Wanting to flee the life as serfs and being attracted by fertile grounds, German settlers move to Poland and other slavic countries and settle on barren parts of the country. This so called Ostsiedlung stimulates agriculture and strengthens the cities, which are now able to recruit better equipped and well-trained soldiers.
Available to: Poland
Researched at: Town Hall
In the wake of the Mongol invasion, part of Poland was depopulated, and many German settlers moved east. As in Bohemia and the shores of the Baltic, they were hoping to turn from serfs in Germany to respectable freemen beyond the Empire's borders, and they helped revive agricultural production and crafts in some areas, as well as creating or (re-)populating Polish cities. The German institutions and town laws influenced many aspects of Polish urban life, as German laws were often held to be more advanced than the local variants and copied.
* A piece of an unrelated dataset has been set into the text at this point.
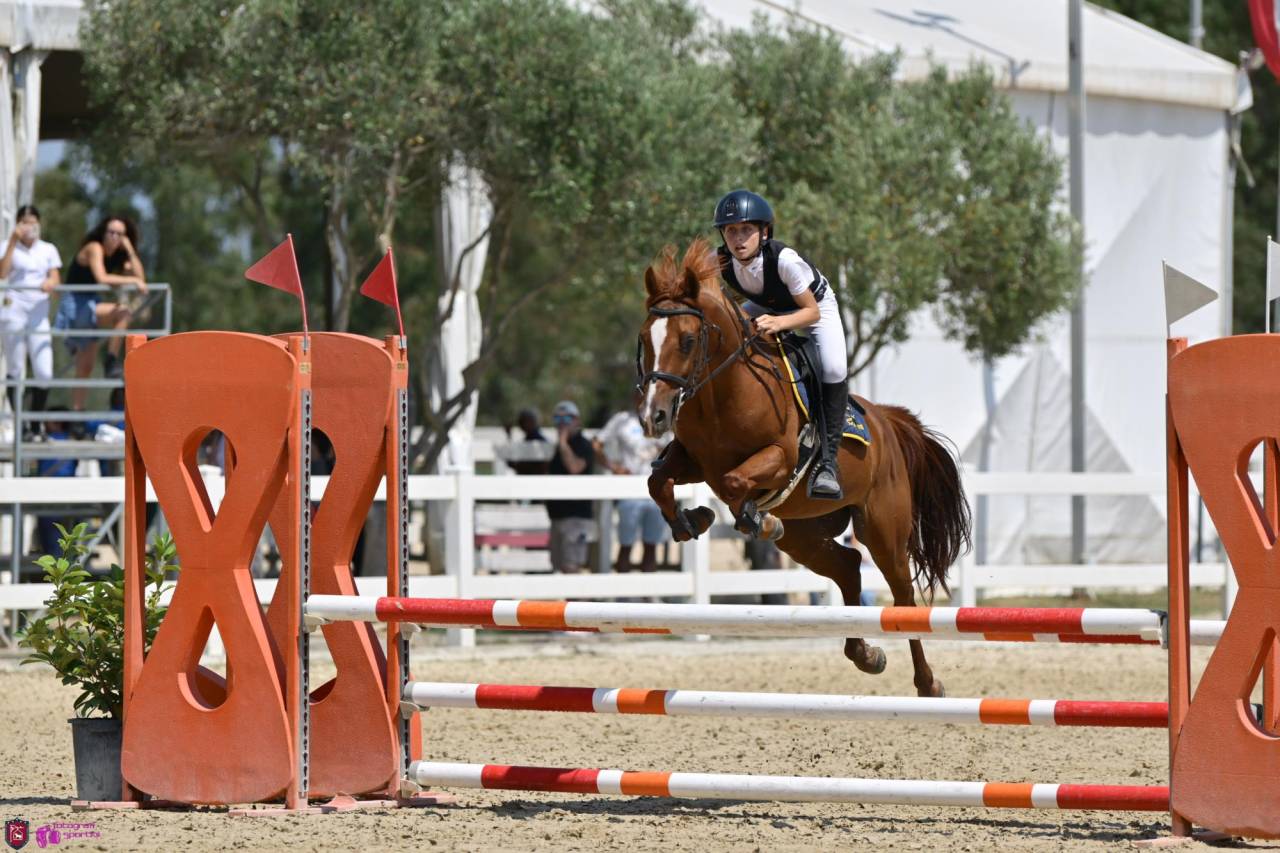 Super pony sportivo 147cm 7 anni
Because of this it is sometimes hard to differentiate between Germans and Germanised Poles. There was also an influx of Jews, who were welcomed with open arms at about the same time they were banished from England by Edward I.
The founding of several planned cities as well as the construction of wendish outer bailey settlements took place since the beginning of the Ostsiedlung. Soon after the grating of city rights and the settling of the urban areas, many cities used their economically and legally priviliged position, eluded the influence of the landlords and became independent increasing their political and military power.